In Philadelphia, an office worker picks up a bottled water at a convenience store during the lunch hour. When done, she tosses it in a street trash can, not having found a recycling bin along her route.
An ocean away, in Mumbai, a waste picker collects a plastic bottle from atop a towering landfill in order to sell it, along with thousands more, to a recycling facility for a few dollars a day.
Alums Peter Wang Hjemdahl and Svanika Balasubramanian, along with co-founder Aditya Siroya who is taking time off from his studies at Penn, launched reBalance this week. It’s a new online platform that enables consumers to reduce and then offset their plastic waste by making a payment corresponding to the amount of waste they generate annually. Through reBalance, those funds will funnel to waste worker cooperative organizations, which provide safe and sustainable livelihoods for their members, whose efforts reduce the amount of plastic in the environment.
“We realized that there was a bottleneck,” says Siroya. “These waste worker organizations lack the capital they need to scale up their impact, both environmentally and socially. At the same time, there’s a growing wave of consciousness among consumers about the plastic they’re generating, yet they lack a concrete way to take actions.” He says reBalance capitalizes on this awareness to support organizations on the verge of revolutionizing an industry.
The United States recycles only about 9 percent of its waste, roughly half of which is exported to foreign nations. China was the primary recipient until a ban on waste imports was set last year, diverting the flow of U.S. waste shipments to countries such as Malaysia and Thailand. India, too, imports plastic waste from abroad.
Yet managing that waste internally is fraught. Waste pickers and waste sorters, or kabadiwalas, occupy one of the lowest rungs on the socioeconomic ladder in India, often working in dangerous conditions for poverty wages.
The rePurpose team got to know many of these workers in the months-long process of applying for and then implementing their President’s Engagement Prize-winning project. They used the financial support and mentorship to connect with innovative organizations striving to formalize the waste picking and recycling industry in India, and who were providing workers with stable income streams and less hazardous working conditions.
At the same time, the team saw a surge of awareness about issues like ocean plastic pollution, with bans on single-use products like straws and plastic bags taking hold in the U.S., India, and many other places around the globe.
“We looked at these two seemingly disparate pieces,” says Siroya, “a formalized recycling industry in India that is starting to grow, and consumers all over the world looking to reduce their plastic output, and we asked, ‘Is there anything we can do to connect the two?’”
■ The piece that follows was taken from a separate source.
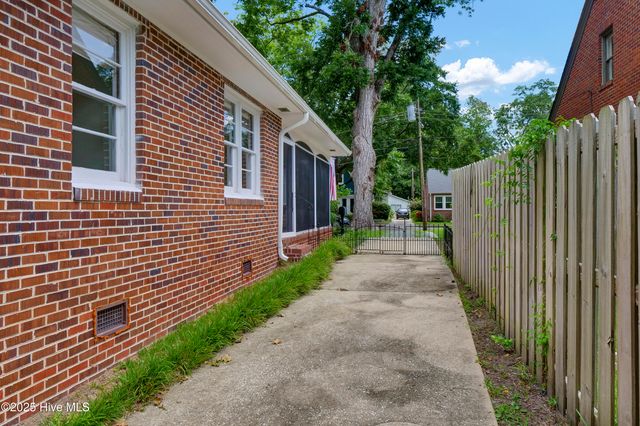 6 Keaton Avenue, Wilmington, NC 28403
Their concept, reBalance, mobilizes consumers’ concerns into action, while simultaneously generating needed capital for waste worker organizations. Becoming a “reBalancer” entails four discrete steps, Siroya explains, all initiated through the group’s website.
Users first complete a survey to calculate their personal plastic footprint. Next, they are given strategies to lower that number. “Based on the consumers’ inputs, we can personalize recommendations to help them reduce their plastic footprint,” Siroya says. Actions can range from carrying a reusable water bottle to substituting shampoo bars for plastic-packaged varieties, or using menstrual cups instead of disposable sanitary pads or tampons.
Third, consumers offset their plastic footprint with a payment to one of the waste worker organizations with which reBalance has partnered. That payment—roughly $3 to $4 a month for an average consumer—will allow the workers to collect and recycle an amount of plastic waste equivalent to what the consumer generates. “In essence, for the cost of one bottle of water a month you can go plastic neutral,” says Siroya.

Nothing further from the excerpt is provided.